I picked up my Kindle and opened it to the part of Kalanthi’s memoir I’d reread before falling asleep.

“I’d always imagined the doctor’s work as something like connecting two pieces of railroad track, allowing a smooth journey for the patient. I hadn’t expected the prospect of facing my own mortality  to be so disorienting, so dislocating. I thought back to my younger self, who might’ve wanted to “forge in the smithy of my soul the uncreated conscience of my race”; looking into my own soul, I found the tools too brittle, the fire too weak, to forge even my own conscience…

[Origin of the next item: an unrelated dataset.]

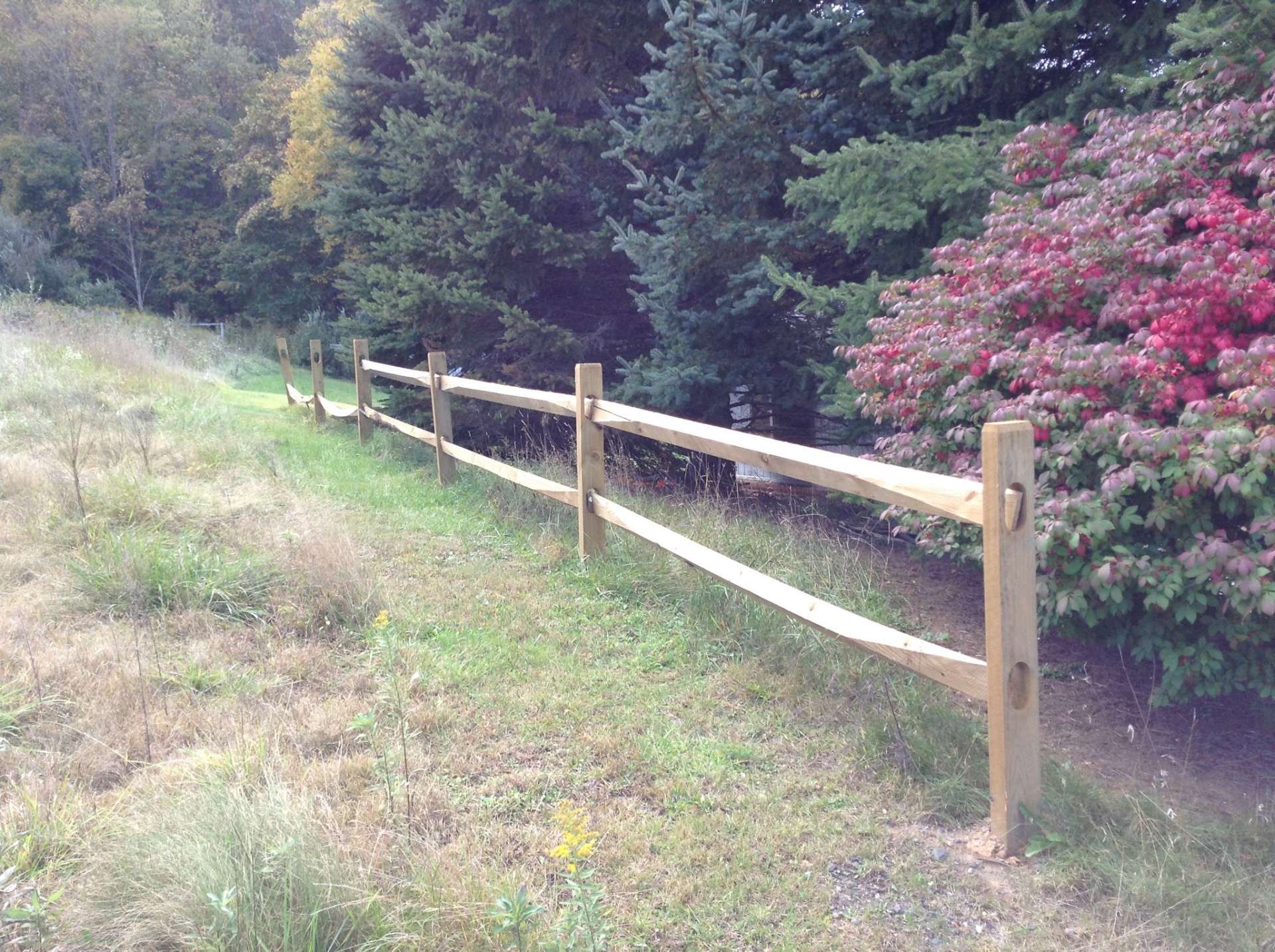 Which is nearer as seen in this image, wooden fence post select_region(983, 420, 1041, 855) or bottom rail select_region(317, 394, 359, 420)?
wooden fence post select_region(983, 420, 1041, 855)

…And so it was that literature brought me back to life during this time. The monolithic uncertainty of my future was deadening; everywhere I turned, the shadow of death obscured the meaning of any action. I woke up in pain, facing another day – no project beyond breakfast seemed untenable. I can’t go on, I thought, and immediately, its antiphon responded, completing Samuel Beckett’s seven words, words I had learned long ago as an undergraduate: “I’ll go on.” I got out of bed and took a step forward, repeating the phrase over and over: “I can’t go on. I’ll go on.” 

Literature brings him back to life and unbelievably, he goes back to work just eight months after his initial diagnosis of terminal lung cancer.

“Why? Because I could.”  

My situation is a bit different. But I read to learn, and the literature student in me (one thing Kalanthini and I have in common, though he actually read Beckett whereas I only quote other people quoting Beckett), along with my inherent love for self-help, knows how to draw parallels. He needs literature to go back to the OR, his calling. I need to work to go back to writing, this thing I like to do from time to time and must do more of.

No one was there to see my self-reproof. No one but my puffy walnut-eyed face and what overall, I think, is still a writer’s conscience. I closed the Kindle and got up. I washed the face. Brushed the hair. Put on pants. I slapped on some sunscreen and a hint of lip color, which made the rest of the face look like plaster. On the way out I did some face exercises and tried to look alert. Maybe the bumpy subway ride would be like a rejuvenating massage. I opened the door and went to work.